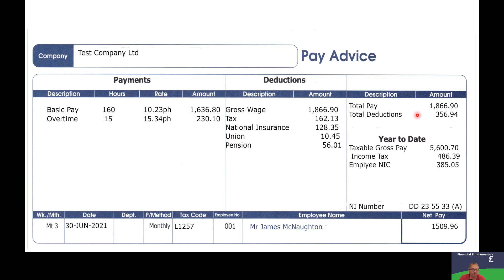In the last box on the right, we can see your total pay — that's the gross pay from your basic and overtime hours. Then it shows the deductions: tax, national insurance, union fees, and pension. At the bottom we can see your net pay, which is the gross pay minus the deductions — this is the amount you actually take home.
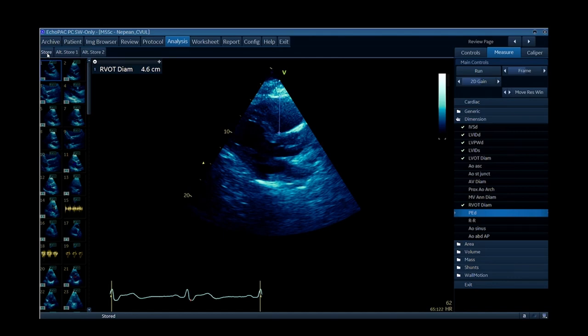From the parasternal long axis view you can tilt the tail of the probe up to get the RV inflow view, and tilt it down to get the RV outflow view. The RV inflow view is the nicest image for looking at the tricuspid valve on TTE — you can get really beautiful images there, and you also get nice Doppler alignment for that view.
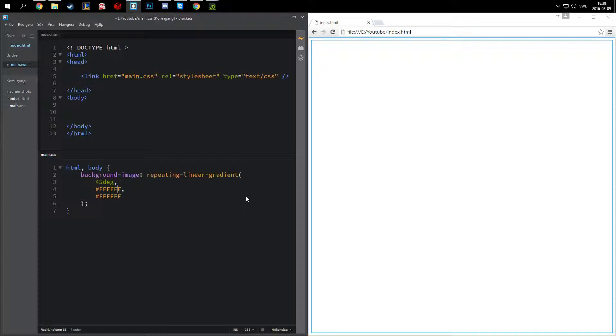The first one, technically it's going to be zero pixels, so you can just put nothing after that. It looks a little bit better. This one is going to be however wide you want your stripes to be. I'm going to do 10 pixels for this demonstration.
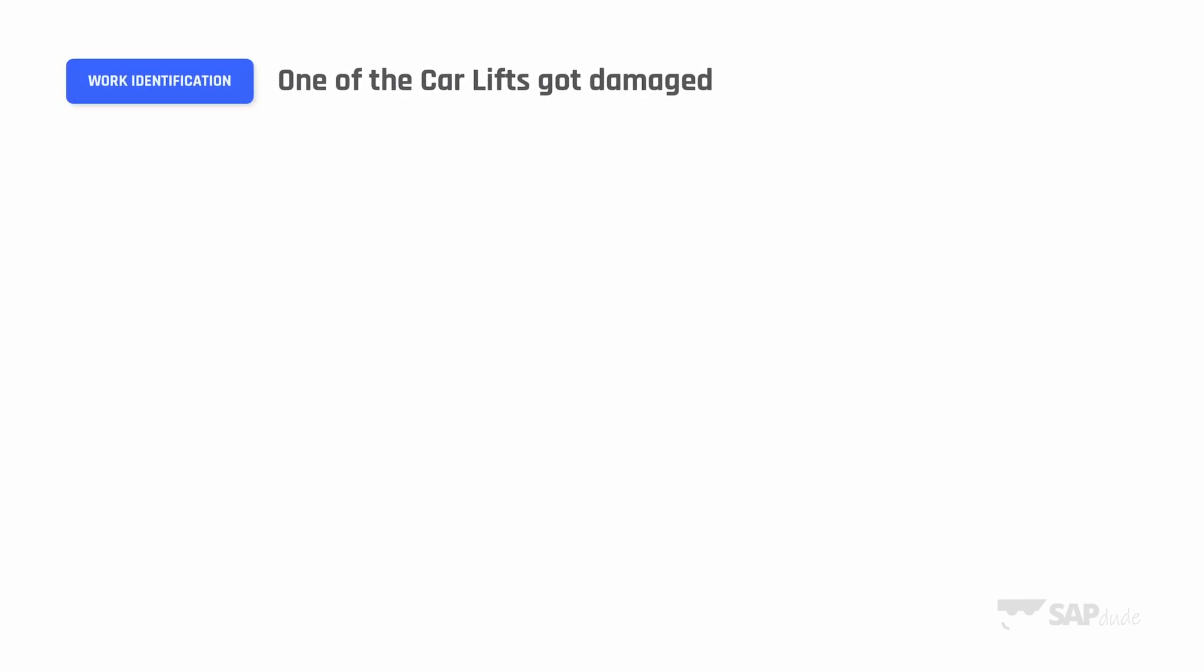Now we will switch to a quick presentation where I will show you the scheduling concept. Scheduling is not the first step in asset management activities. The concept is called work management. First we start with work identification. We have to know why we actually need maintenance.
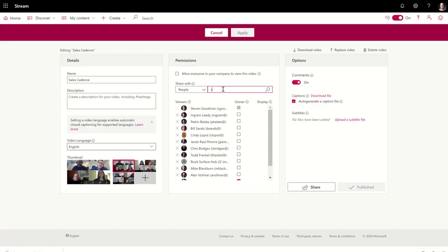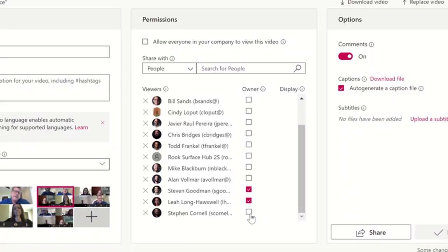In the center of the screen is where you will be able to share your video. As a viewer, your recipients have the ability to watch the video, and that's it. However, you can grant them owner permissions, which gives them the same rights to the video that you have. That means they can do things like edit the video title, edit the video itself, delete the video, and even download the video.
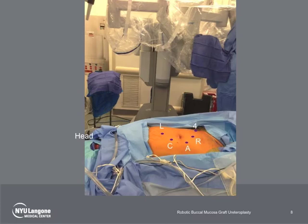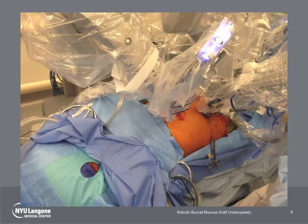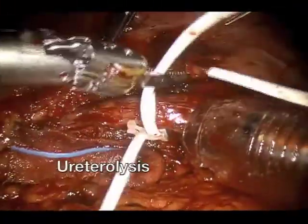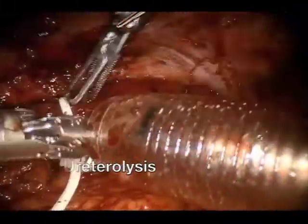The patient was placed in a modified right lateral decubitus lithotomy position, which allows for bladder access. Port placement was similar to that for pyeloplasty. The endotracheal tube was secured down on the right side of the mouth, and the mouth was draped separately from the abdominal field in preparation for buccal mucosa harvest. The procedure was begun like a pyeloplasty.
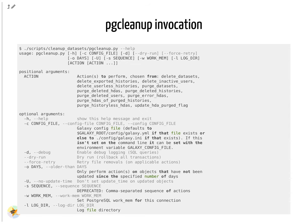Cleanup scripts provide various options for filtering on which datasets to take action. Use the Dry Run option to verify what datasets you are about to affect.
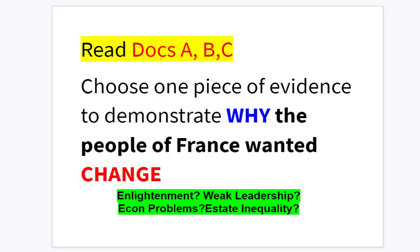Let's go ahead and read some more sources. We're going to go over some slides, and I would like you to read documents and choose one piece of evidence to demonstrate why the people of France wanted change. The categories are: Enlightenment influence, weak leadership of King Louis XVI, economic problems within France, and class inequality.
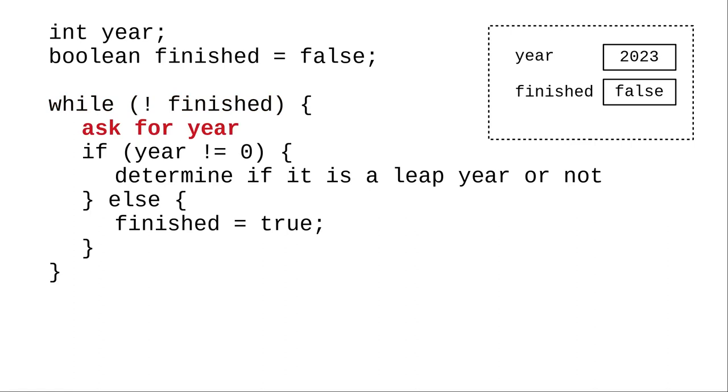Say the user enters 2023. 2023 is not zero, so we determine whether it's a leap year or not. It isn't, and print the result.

* Required action
Every line from the one containing "The patient was" through the last line of the records is to be reproduced exactly, with pictures left out and nothing else given.

* Answer area
The patient was placed in a modified right lateral decubitus lithotomy position, which allows for bladder access. Port placement was similar to that for pyeloplasty. The endotracheal tube was secured down on the right side of the mouth, and the mouth was draped separately from the abdominal field in preparation for buccal mucosa harvest. The procedure was begun like a pyeloplasty.
Cleanup scripts provide various options for filtering on which datasets to take action. Use the Dry Run option to verify what datasets you are about to affect.
Let's go ahead and read some more sources. We're going to go over some slides, and I would like you to read documents and choose one piece of evidence to demonstrate why the people of France wanted change. The categories are: Enlightenment influence, weak leadership of King Louis XVI, economic problems within France, and class inequality.
Say the user enters 2023. 2023 is not zero, so we determine whether it's a leap year or not. It isn't, and print the result.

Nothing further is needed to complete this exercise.